Contact imports, email open tracking data and images not loading
Incident Report for Dotdigital
Postmortem

Summary of impact:

Between 06:30 and 07:50 UTC on 13th April 2022, as we deployed the latest version of Dotdigital, errors began to occur in the event processing and contact import services. Some customers may have experienced issues with contact imports and open reporting for email campaign sends.

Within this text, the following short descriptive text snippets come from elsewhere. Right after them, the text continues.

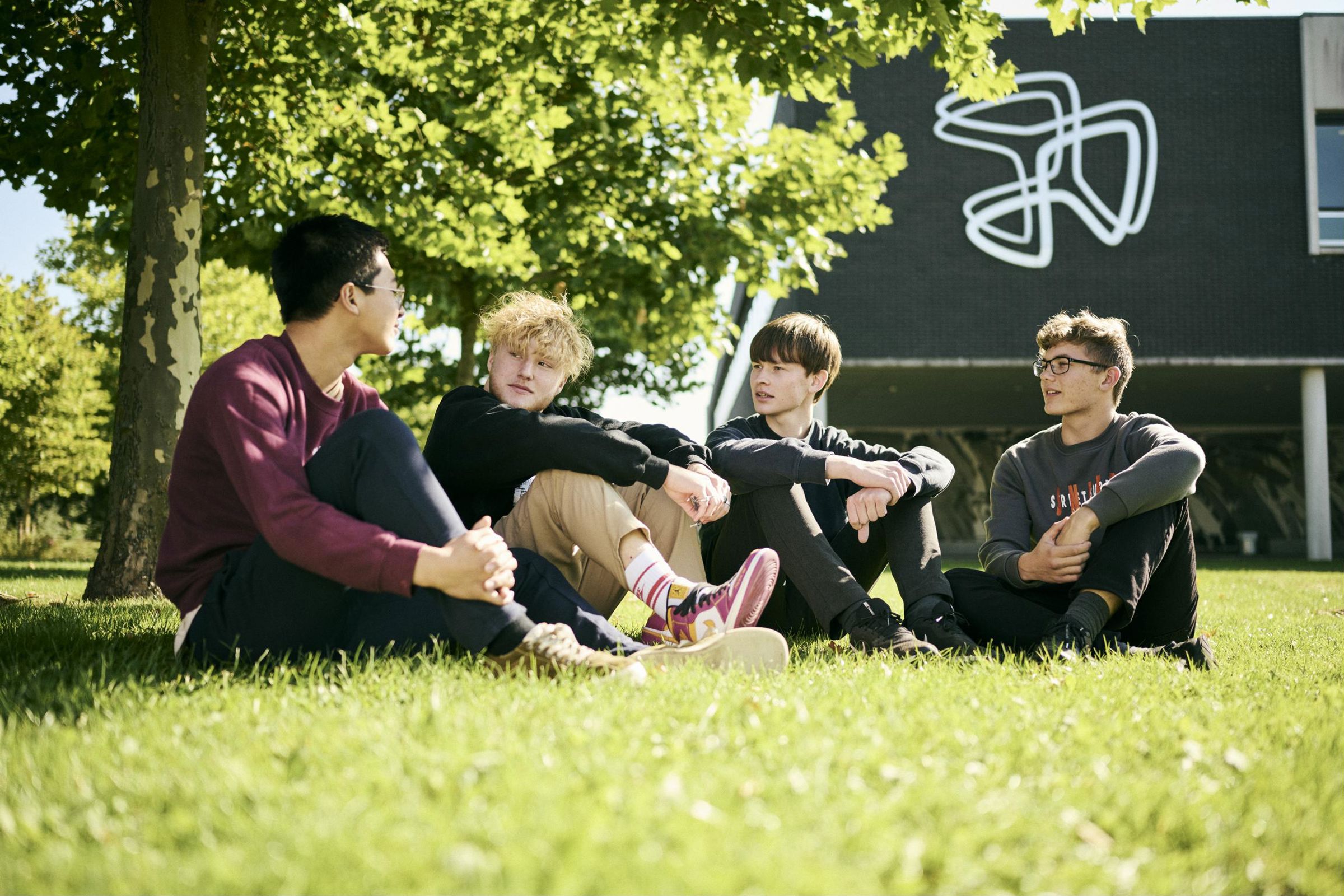 4 HTX-elever nyder det gode vejr i pausen ude foran Hansenberg Tekniske Gymnasium.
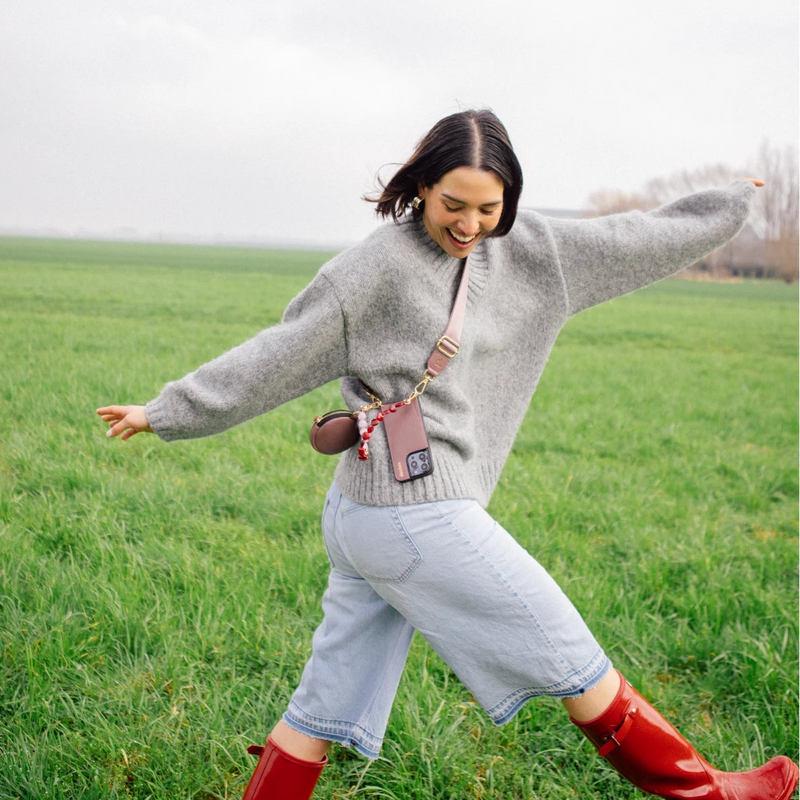 Woman in gray sweater joyfully showing off her Phone Strap | Basic | Mauve, styled with casual denim in a green field.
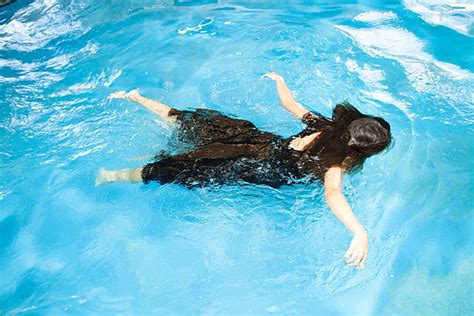 Dead Body Drowning Women Floating On Water Pictures Images And Stock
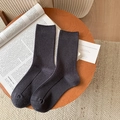 Dark grey ribbed knit crew socks displayed on a modern tray for a cozy lifestyle feel - Dark Grey Solid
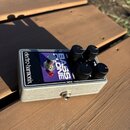 Stříbrný efekt pedál s černým ovládacím panelem a fialovým polem. Na panelu jsou nápisy electro-harmonix, BASS CLONE a popisy ovládacích prvků AMP, B…
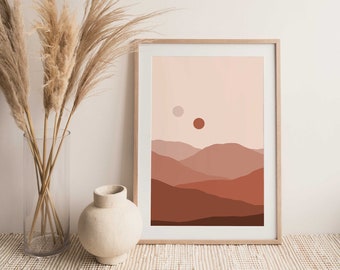 Può includere: Una stampa artistica incorniciata con un paesaggio minimalista con montagne a strati nei toni del marrone e del rosso. Due corpi celesti sono raffigurati nel cielo. L'opera d'arte è esposta con erba della pampa essiccata e un vaso di ceramica bianco.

Between 08:40 and 09:15 UTC, we experienced errors in the image resizing service meaning customers may have seen missing images in our EasyEditor. However, images in sent campaigns continued to load normally.

Root Cause:

Contact imports

We introduced a bug fix for this release. When the fix was deployed it caused imports containing a suppressed contact with empty data in mapped fields to error. This ultimately caused those imports to fail.

Opens

As part of routine improvements to our services, we made a change to how we process open event messages. This change meant some messages failed to process correctly and open data was lost.

Images

Our ongoing application modernization work involved converting the image resizer to run on the latest framework. We are still identifying the root cause for this issue.

Mitigation:

Our mitigation steps for these issues were (times stated in UTC): 

Contact imports

06:31: We began our release

06:35: We saw errors in the contact importer

06:45: We rolled back the contact importer and contacts could be imported successfully.

Opens

06:31: We began our release

06:35. We saw errors in the event parser service and investigations began

07:05: Our investigations revealed opens were being lost and we reverted the service to the previous version. At this point, email open data was being captured as normal.

Images

08:04: We noticed a small number of errors on the image resizer application. This initially appeared as a brief database connection issue.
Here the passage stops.